=== Begin Enclosure ===

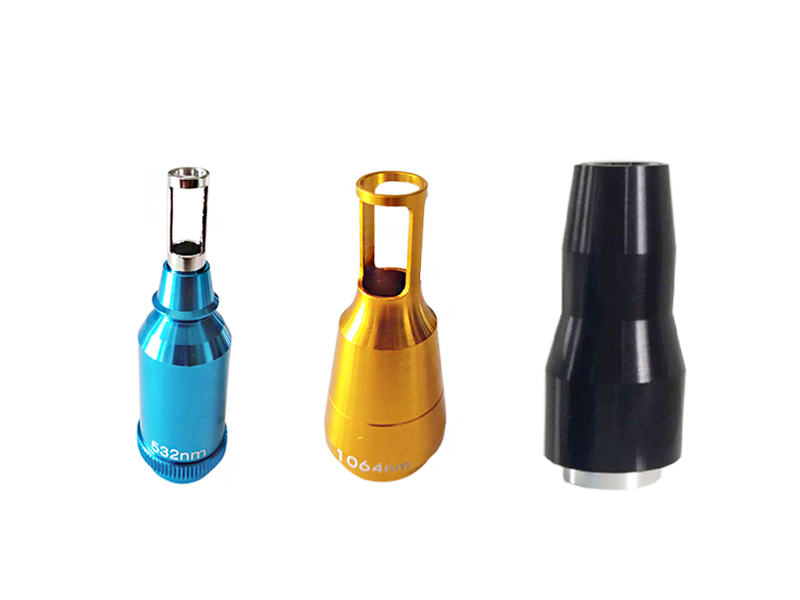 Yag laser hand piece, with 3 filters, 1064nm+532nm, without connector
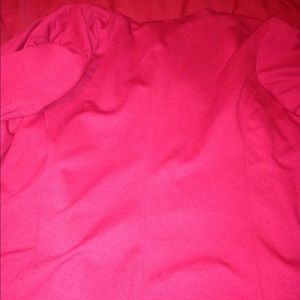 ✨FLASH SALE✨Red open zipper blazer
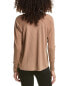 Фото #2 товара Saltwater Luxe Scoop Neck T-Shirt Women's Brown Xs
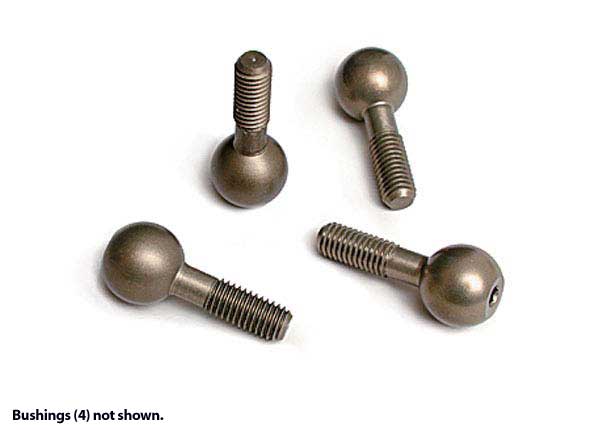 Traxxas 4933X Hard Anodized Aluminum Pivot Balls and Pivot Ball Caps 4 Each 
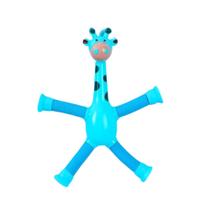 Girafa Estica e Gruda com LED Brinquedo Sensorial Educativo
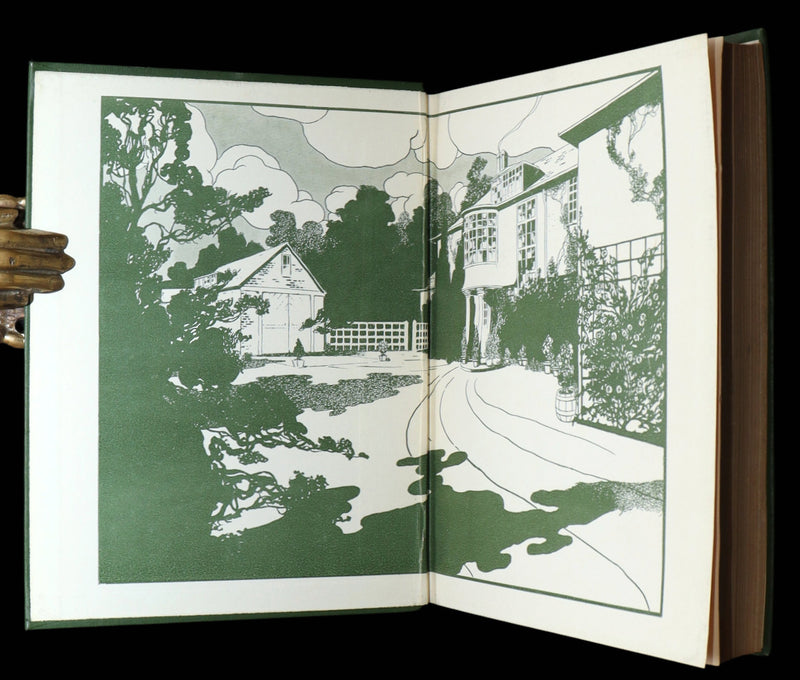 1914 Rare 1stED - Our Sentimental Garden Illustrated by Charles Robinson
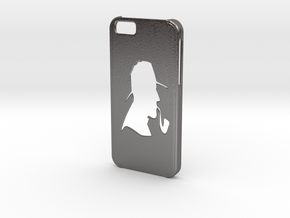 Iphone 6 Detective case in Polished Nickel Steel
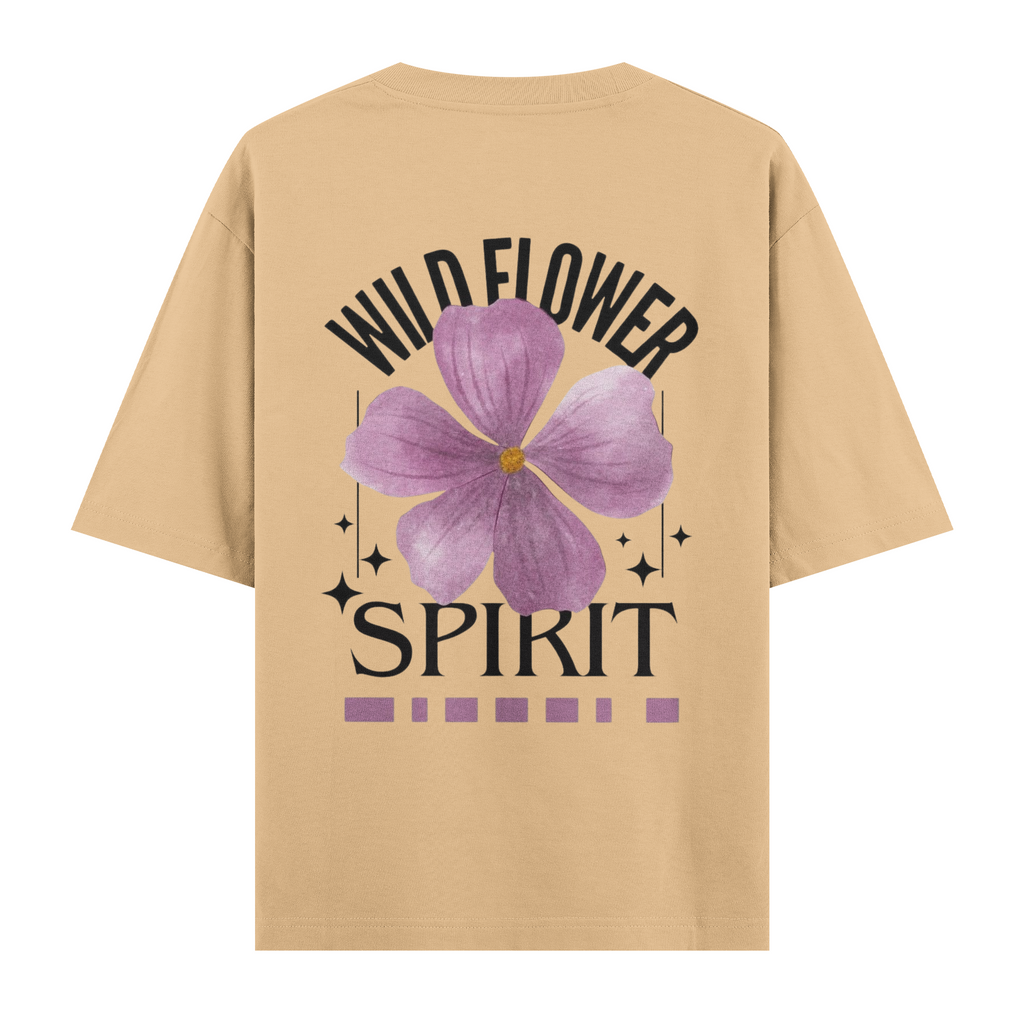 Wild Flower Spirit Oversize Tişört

=== End Enclosure ===

> [REQUIREMENT]
In the entries above, every line from the line with "open zipper blazer" to the line with "Girafa Estica e" is to be printed exactly, with both ends included and pictures excluded.

> [SOLUTION FOR THIS EXERCISE]
 ✨FLASH SALE✨Red open zipper blazer
 Фото #2 товара Saltwater Luxe Scoop Neck T-Shirt Women's Brown Xs
 Traxxas 4933X Hard Anodized Aluminum Pivot Balls and Pivot Ball Caps 4 Each 
 Girafa Estica e Gruda com LED Brinquedo Sensorial Educativo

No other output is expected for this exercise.